Minibase Assignment #3: Index Nested Loops Join
Assigned on Wednesday, 10/29.
Due on electronically on Wednesday, 11/5, by 4:45 PM.
Introduction
In this assignment, you will implement the index nested loops join
algorithm for equijoins. You will be given libraries for the
lower layers (Disk Space Manager, Buffer Manager, Heap File, and Hash
File), and some driver routines to test the code.
You should begin by reading Chapter 14 of the textbook,
particularly the
description of Index Nested Loops Join in Section 14.4.1.
Getting Started
Create a directory for the assignment, and change to that directory.
Copy all the files from /Accounts/courses/cs347/proj3/
to your current directory. The files include:
- Makefile: A Makefile to compile your project.
- index_nl.h: This file contains the specification for the
class
index_nested_loop, which you have to implement. The implementation
should
be in a file that is called index_nl.C. You are free to add
functions,
data members, or type definitions to this class.
- main.C, test_driver.C, INLJTester.C: Test programs. You
are
given four test cases in INLJTester.C. We will grade your
code
based on these four test cases plus three additional test cases.
test_driver.C and main.C contain driver code that runs
the
tests.
- correct_output: Output of a correct implementation.

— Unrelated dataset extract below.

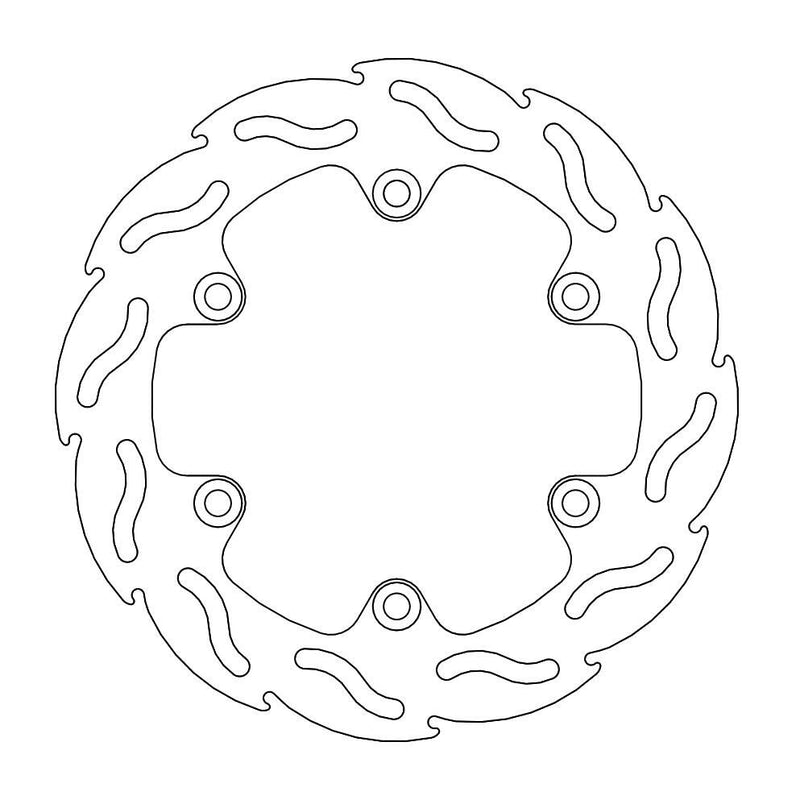 Flame Series Rear Brake Rotor Natural For Yamaha WR 125 X 2009-2016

What You Have to Implement
class index_nested_loop{
public:
index_nested_loop(
char* filename1, // Name of heap file for relation R
int len_in1, // # of columns in R
AttrType in1[], // Array containing field types of R
short t1_str_sizes[], // Array containing size of columns in R
int join_col_in1, // The join column of R
char* filename2, // Name of heap file for relation S
int len_in2, // # of columns in S
AttrType in2[], // Array containing field types of S
short t2_str_sizes[], // Array containing size of columns in S
int join_col_in2, // The join column of S
char* filename3, // Name of heap file for join results
IndexType in_type, // Index type for inner relation (S)

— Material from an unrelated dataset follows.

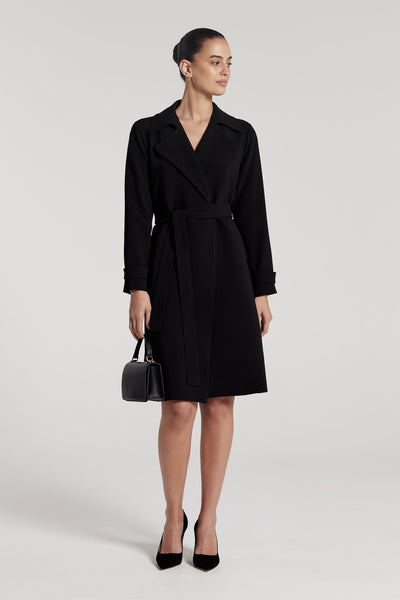 City Trench Coat - Black-Perri Cutten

Status& s // Status of constructor
);
~index_nested_loop();
};
The index_nested_loop constructor joins two relations R and S,
represented by the heap files filename1 and filename2,
respectively, using the index nested loops join algorithm. The columns
for relations R
(S) are numbered from 0 to len_in1-1 (len_in2-1).

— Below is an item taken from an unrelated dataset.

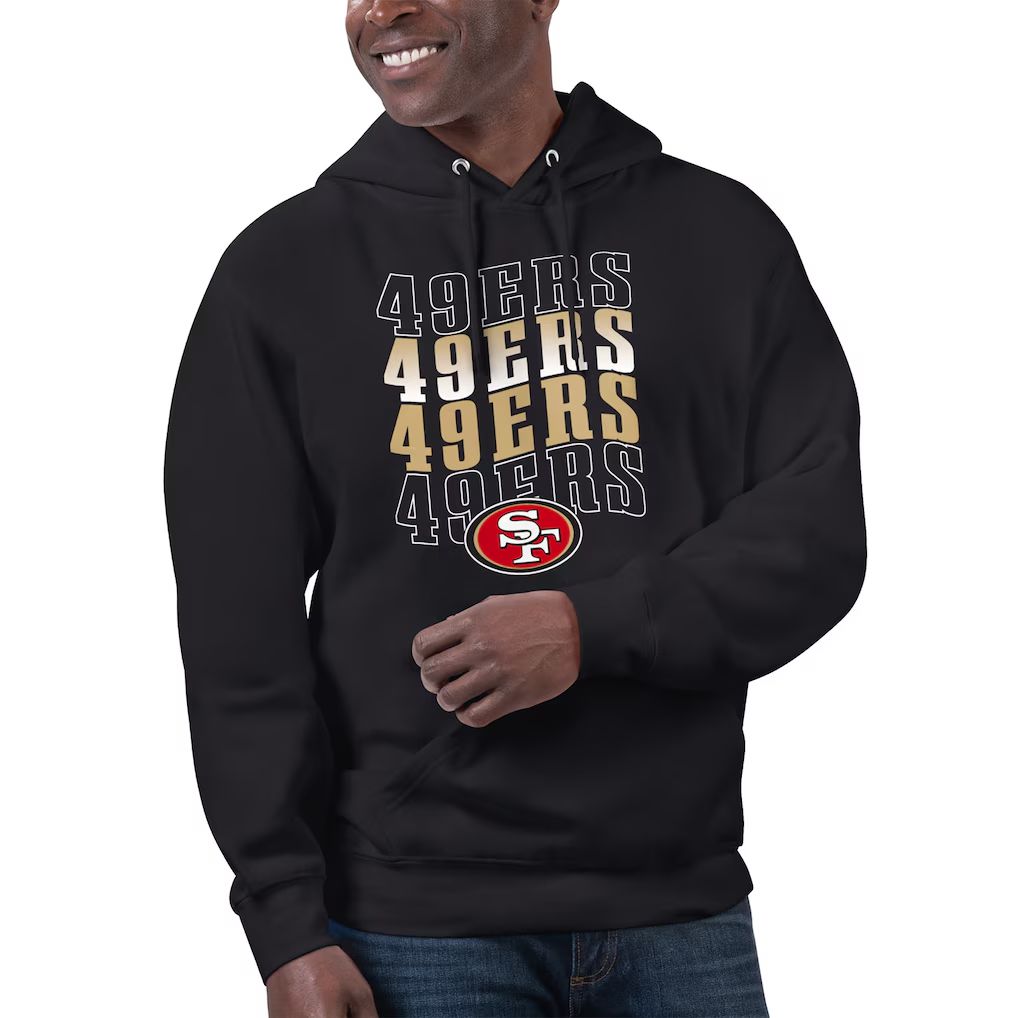 Men 2026 NFL San Francisco 49ers black Hoodie hooded style 01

You should concatenate each matching pair of records and write the
concatenated records into the heap file filename3.
You will need to use the following classes, which are given:
HeapFile, Scan, StatHashFile and StatHashFileScan. You will call
StatHashFile
methods to build a static hash file index for the inner heap file S.
Then you
scan the outer heap
file R; for each tuple in the outer heap file R, retrieve the matching
tuples in S by scanning the hash file on the inner heap file S.
You can ignore the value of the input parameter in_type.
The parameter s is a return parameter. If all goes well,
the constructor will finish and return s==OK. If an error
occurs,
you should exit the constructor and return an error code in s.
The index_nested_loop destructor should destroy the static hash
index
that you created for S, in addition to the usual clean up of local and
temporary state.
Notes on Some of the Functions You Will Use
- HeapFile::insertRecord(char* recPtr, int recLen, RID&
outRid) inserts the record of length recLen pointed to
by recPtr into the heap file and passes back the newly
allocated RID of the record in outRid.
- HeapFile::getRecord(const RID& rid, char* recPtr,
int& recLen) takes in a RID, rid, and passes back
the record associated with rid in the character array pointed
to by recPtr. It
also passes back the length of the record in recLen. The
caller is responsible for allocating memory for recPtr.
- Scan::getNext(RID& rid, char* recPtr, int& recLen)
retrieves the next record in a sequential scan of a heap file. Passes
back the RID of the next record in rid, copies the actual
record into the array pointed to by recPtr, and passes back
the length of
the record in recLen. The caller is responsible for
allocating memory
for recPtr.
- StaticHashFile::insert(const void* key, const RID rid)
inserts the
pair (key,rid) into a static hash file.
- StaticHashFile::new_scan(const void* lo_key, const void*
hi_key)
creates a StaticHashFileScan object to retrieve RIDs from a
static hash file
and returns a pointer to this object. De-allocating this object is the
responsibility of the caller.
- IndexFileScan::get_next(RID& rid, void* keyptr)
retrieves the next (key,rid) pair from an index file scan.
Passes back the RID in rid and the key in the memory area
pointed to by keyptr . Allocating memory for keyptr
is the responsibility of the caller. For this assignment, the index
file scan we will be using is a StaticHashFileScan .
Error Reporting in the Code
As in previous project assignments, you should follow the
Minibase Error Protocol . The subsystem code for the
index_nested_loop class is JOINS.
Handing in Your Code
Use hsp to hand in the entire directory containing your code. Do not
submit the individual files, but rather submit the directory as a
whole. For
example, if I am sitting in the directory above proj3, I would execute
the following command:
hsp musicant CS347 proj3
Good luck!